L’incapacité de la ville à défendre la population de la classe ouvrière, a déclaré Singh, est l’une des raisons pour lesquelles elle fait campagne pour représenter le sud du Queens.

«Le plus dur ici pour moi, c’est que neuf personnes se sont suicidées, et ce n’était pas suffisant pour que la ville s’arrête et fasse quelque chose», a-t-elle déclaré. «Le fait que nous soyons sans logement dans une pandémie ne fait toujours pas bouger la ville de toute urgence.»

Desai a déclaré que les conducteurs sud-asiatiques âgés doivent également surmonter les barrières linguistiques et culturelles pour rechercher des services de santé sociaux et publics. Dans de nombreux cas, a-t-elle déclaré, le manque de ressources linguistiques appropriées a limité leur capacité à se faire vacciner, à demander des prêts de secours en cas de pandémie et à demander des allocations de chômage.

«Les Sud-Asiatiques ont un risque accru de propension au syndrome métabolique, ils courent donc un risque énorme de maladie cardiaque», a déclaré un expert. «C’est un problème terrible qui pourrait être résolu en éliminant le stress financier des conducteurs.»

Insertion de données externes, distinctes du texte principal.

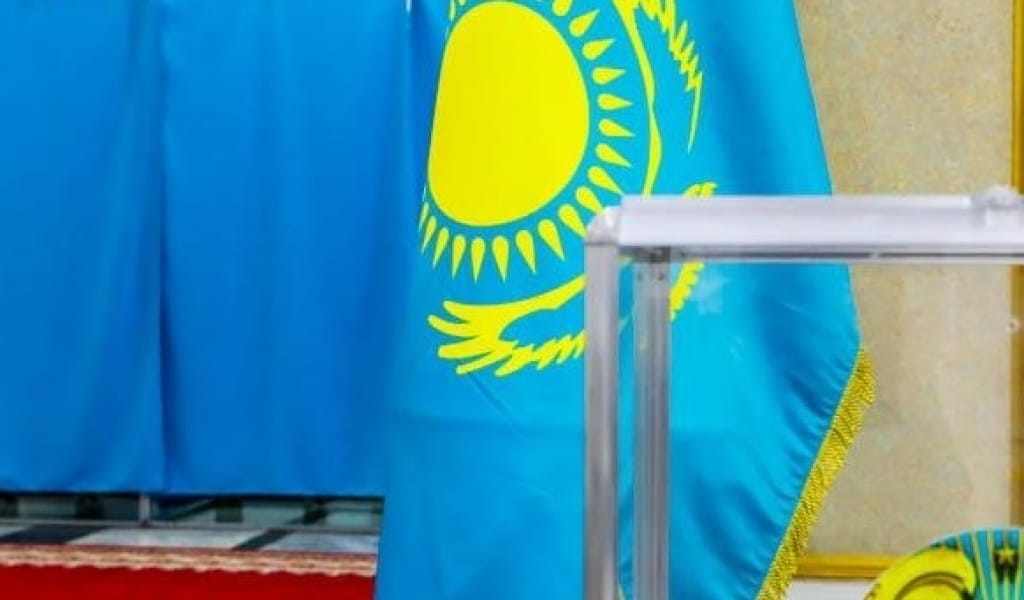 ҚОНАЕВ ҚАЛАСЫНЫҢ ТҰРҒЫНДАРЫ ПРЕЗИДЕНТ САЙЛАУЫНА БЕЛСЕНЕ ҚАТЫСУДА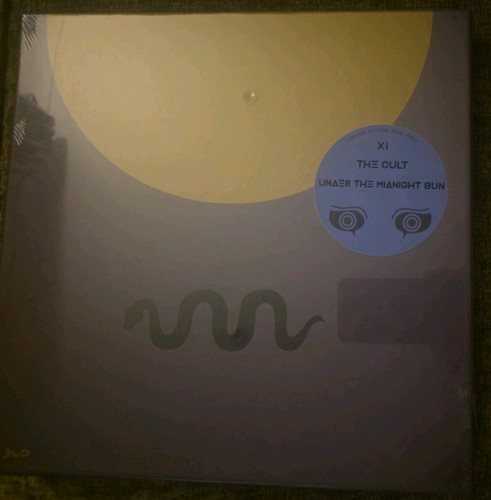 The cult under midnight - the,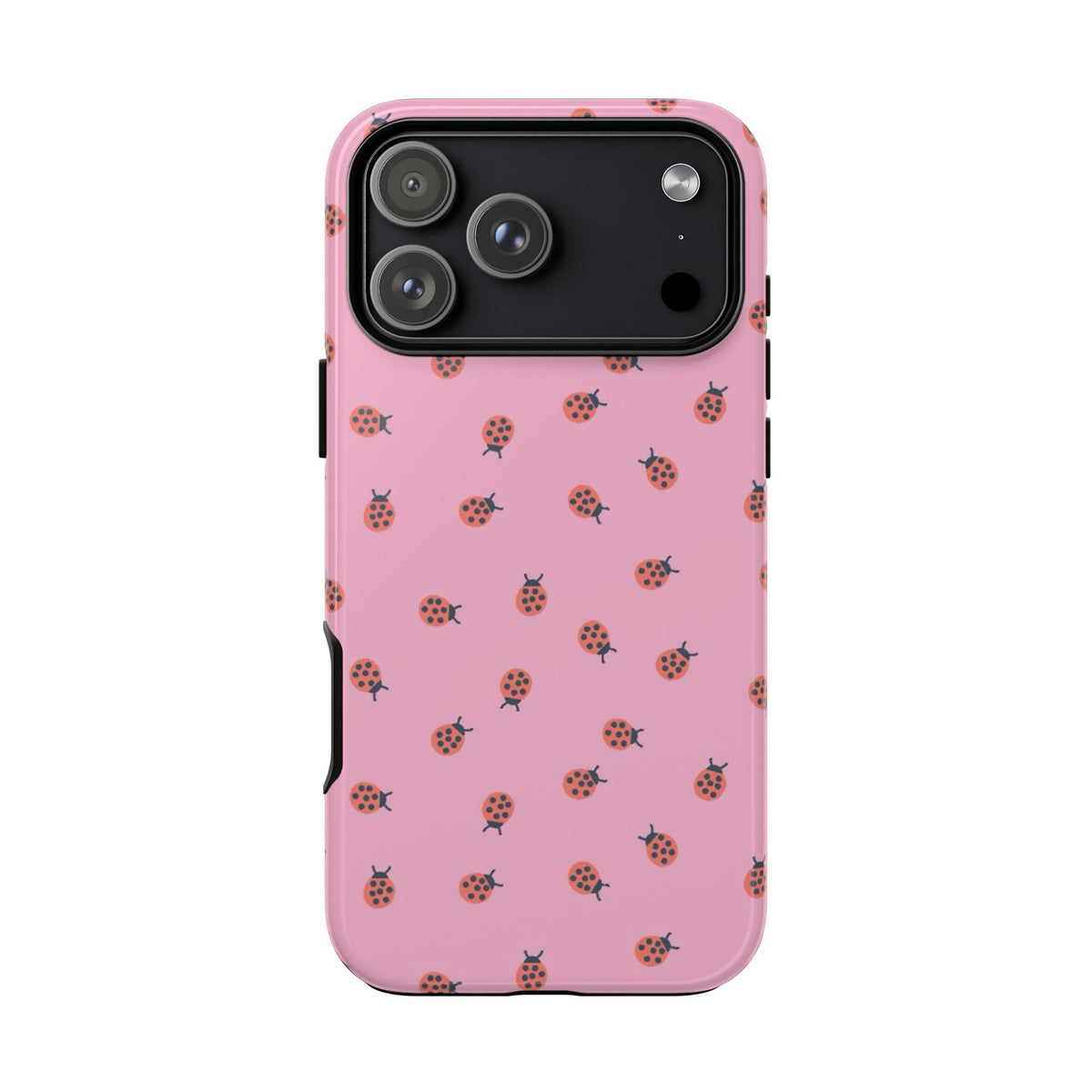Pink Mini Pineapple Tough Phone Case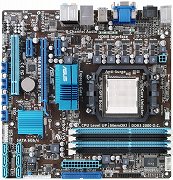 画像ギャラリー No.002のサムネイル画像 / ゲーマー向けのAMD 880Gマザーが6月上旬にASUSから登場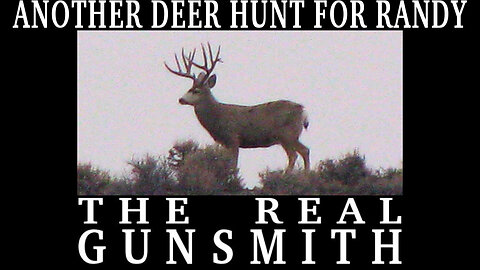 Another Deer Hunt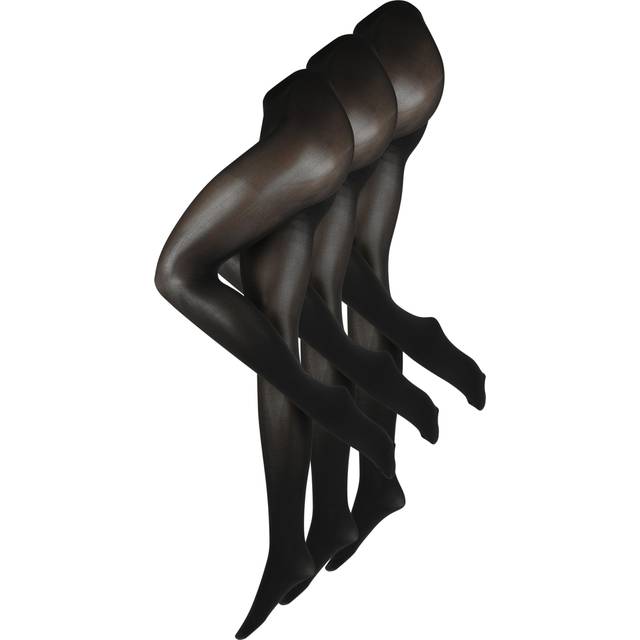 Pcnew Nikoline 3-pack 40 Den Tights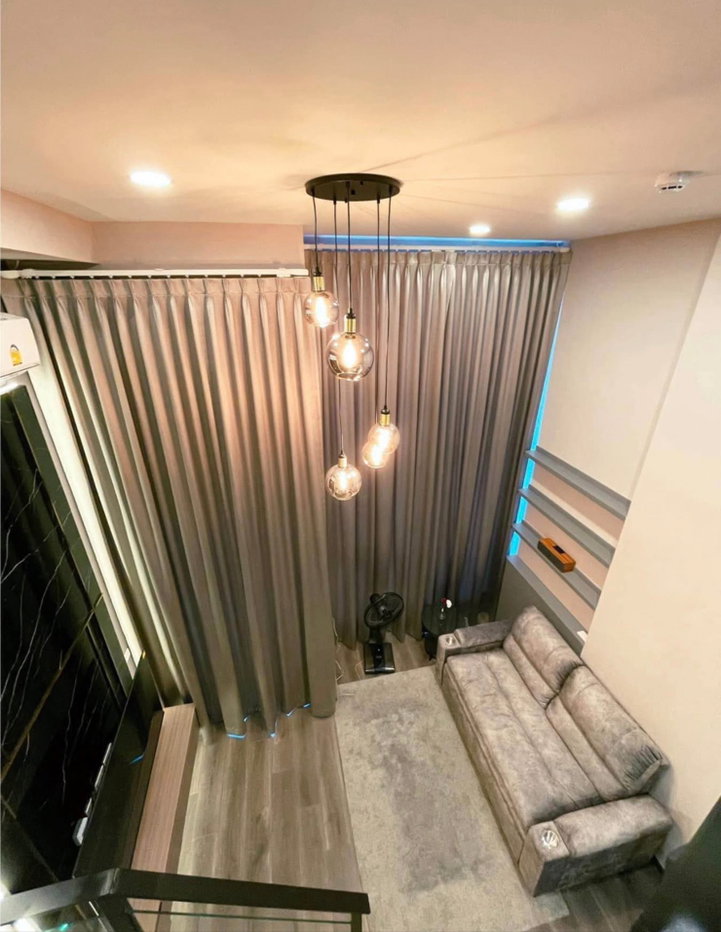 รูป #Z4620💥 150269 🔥ให้เช่าคอนโด KnightsBridge Space Ratchayothin - รูปที่ 5/7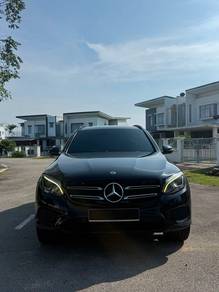 Mercedes Benz GLC200 200 (CBU) in Damansara Heights, KUL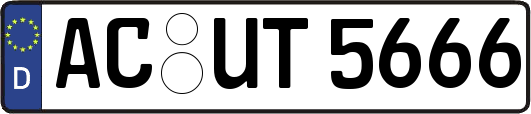 AC-UT5666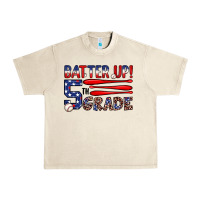 Sandshell batter up 5th grade Urban Heavy Tee - JahusDesignShop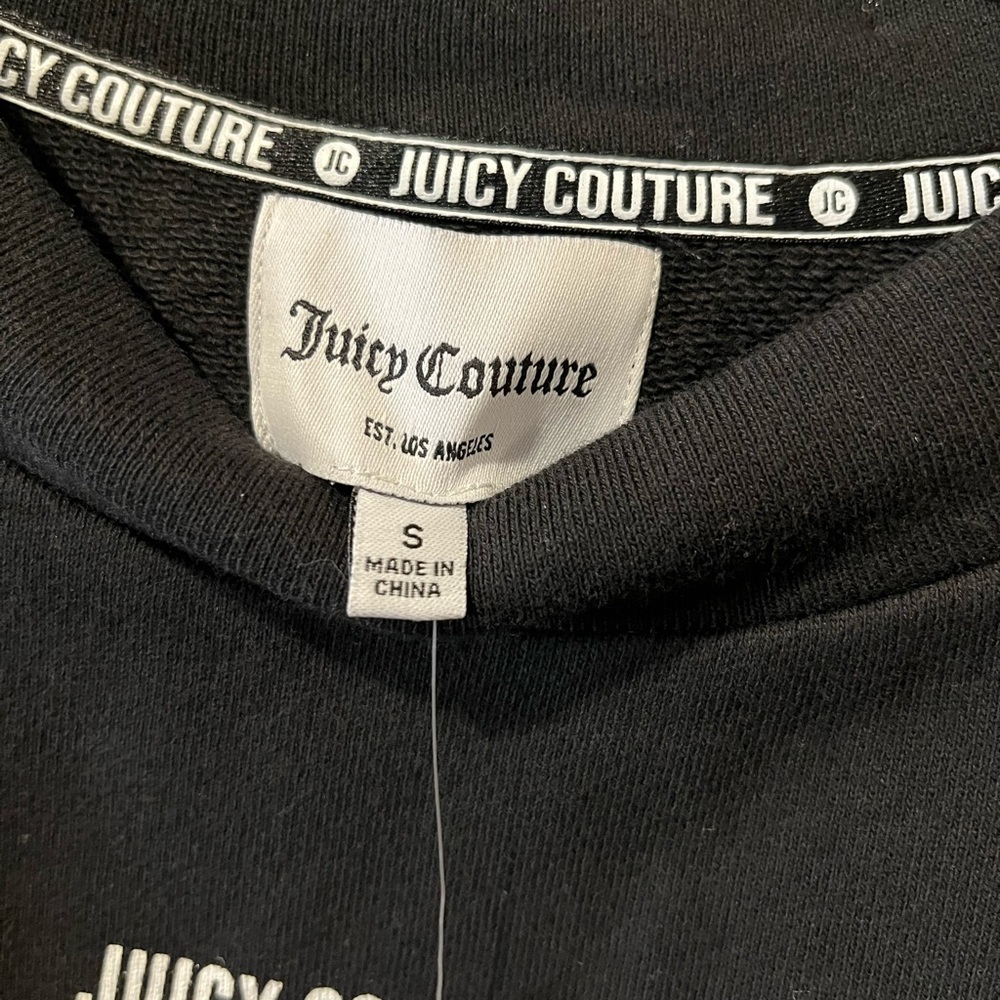Juicy Couture sweats 2pc set - Picture 7 of 8
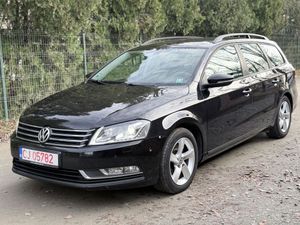 Volkswagen Passat B7 [2010 - 2014] Variant 2.0 TDI BlueMotion Technology Trendline 2012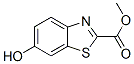 2-Benzothiazolecarboxylicacid,6-hydroxy-,methylester(9ci) Structure,129058-56-6Structure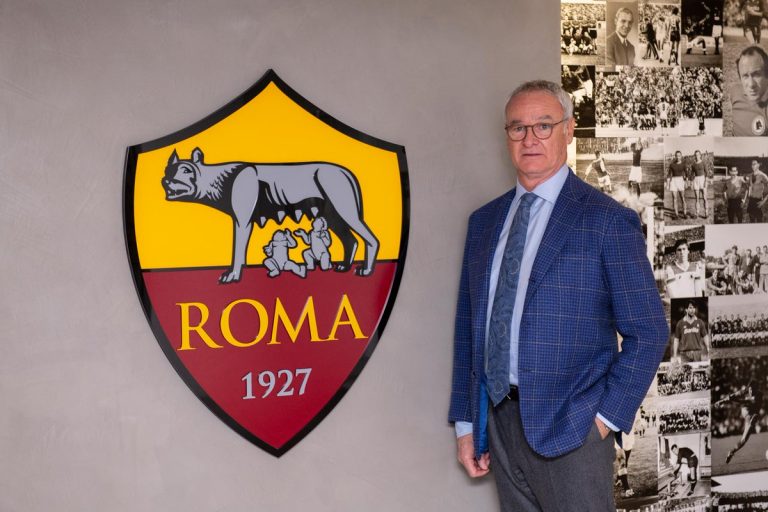 Ranieri, a Roma
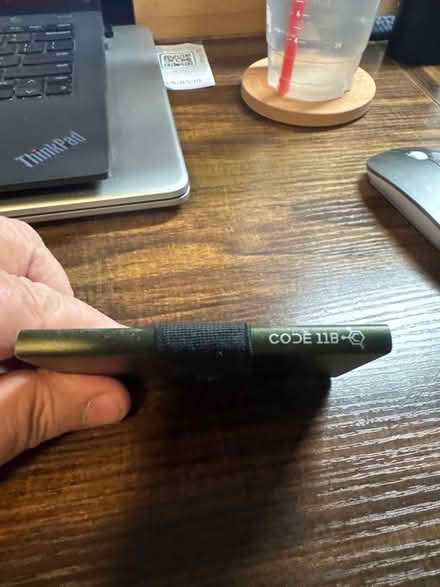 Photo of free Code18 Minimalist Wallet (Mount Laurel) #2
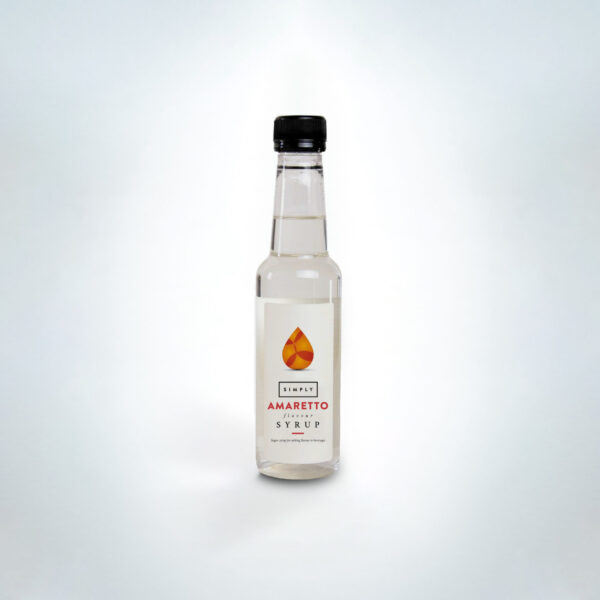 Simply Amaretto Syrup 250ml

Dans le même temps, travailler jusqu’à un âge avancé peut entraîner des complications pour un groupe souffrant de problèmes de santé sous-jacents.

Le Taxi Network, un programme de recherche et de santé communautaire développé par le service de santé des immigrants et des disparités liées au cancer du Memorial Sloan Kettering Cancer Center, organise des foires gratuites sur la santé pour les chauffeurs des garages de taxis et des organisations communautaires. Les médecins ont déclaré que lorsqu’ils ont effectué des examens de santé dans les enclaves sud-asiatiques, ils ont trouvé des taux stupéfiants d’hypertension non traitée, d’hypercholestérolémie et de diabète.

«Les Sud-Asiatiques ont un risque accru de propension au syndrome métabolique, ils courent donc un risque énorme de maladie cardiaque», a déclaré le Dr Francesca Gany, cofondatrice et directrice de l’initiative. «C’est un problème terrible qui pourrait être résolu en éliminant le stress financier des conducteurs.»

Pour de nombreux immigrants sud-asiatiques de la classe ouvrière, l’héritage durable de la crise du médaillon peut être l’accumulation de dettes générationnelles.

Lorsque le marché des médaillons s’est effondré en 2014, la fille de Partap Singh, Jaslin Kaur, venait de commencer sa première année à l’université. Avec la chute des prix des médaillons, sa famille ne pouvait plus financer ses études, alors pour terminer ses études, elle a dû contracter un emprunt important, qu’elle rembourse encore aujourd’hui.

«C’est un certain nombre de crises à la fois», a-t-elle déclaré, ajoutant que les difficultés financières de sa famille l’ont incitée à briguer un siège au conseil municipal cette année dans un quartier de l’est du Queens avec une importante population sud-asiatique de la classe ouvrière.

Lutter pour l’allégement de la dette «concerne la justice du travail», a déclaré Kaur, «pour les personnes qui ont été effectivement escroquées par quelque chose qui était censé ouvrir la voie à la stabilité économique et à la prospérité économique.»